A virtual reflection and celebration of our dear LLC Alum

We write to share the sorrowful news that we have lost one of our own LLC alums, Dr. Shirley Basfield Dunlap. Dr. Basfield Dunlap, a member of LLC cohort 16, graduated in Spring 2018, with her dissertation, “The Oral History Project of African American Stage Directors in American Theatre.” Drs. Beverly Bickel and Michelle Scott co-chaired her ground-breaking dissertation and her committee includedDrs. Kimberly Moffitt, Robert Morrow (Morgan State University) and Ayanna Thompson (Arizona State University).

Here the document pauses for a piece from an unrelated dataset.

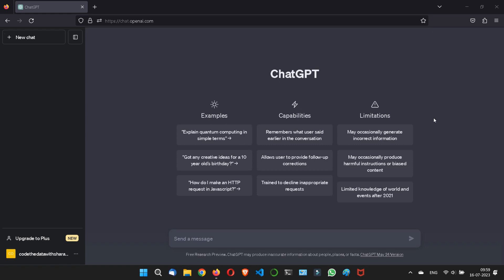As you all know, ChatGPT is an AI chatbot developed by OpenAI and it can help you boost your productivity if you use it correctly.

Dr. Basfield's dissertation presents an oral history of four African American stage directors of American mainstream theatre who are among many who have been undocumented in the annals of American history. Her work highlights how the director's staging of theatrical artwork is a commentary on the experience, ideologies, interpretations and representations of the world of the play. Each
director brings cultural heritage to life through performative art, and contributes another dimension to historicizing moments that have not had adequate attention in U.S. theatre history. Marjorie Moon of The Billie Holiday Theatre; Clinton Turner Davis of the Negro Ensemble Company and co-founder of The Non-Traditional Casting Project; Mabel Robinson of the North Carolina Black Repertory Company; and Woodie King, Jr. of the New Federal Theatre all represent the intersectionality of the lived history of African Americans in theatre as early as the 1960s National Black Arts/Theatre Movement. The work is a challenge to the discrimination that ensues due to the lack of documentation of African Americans’ experiences in American theatre history.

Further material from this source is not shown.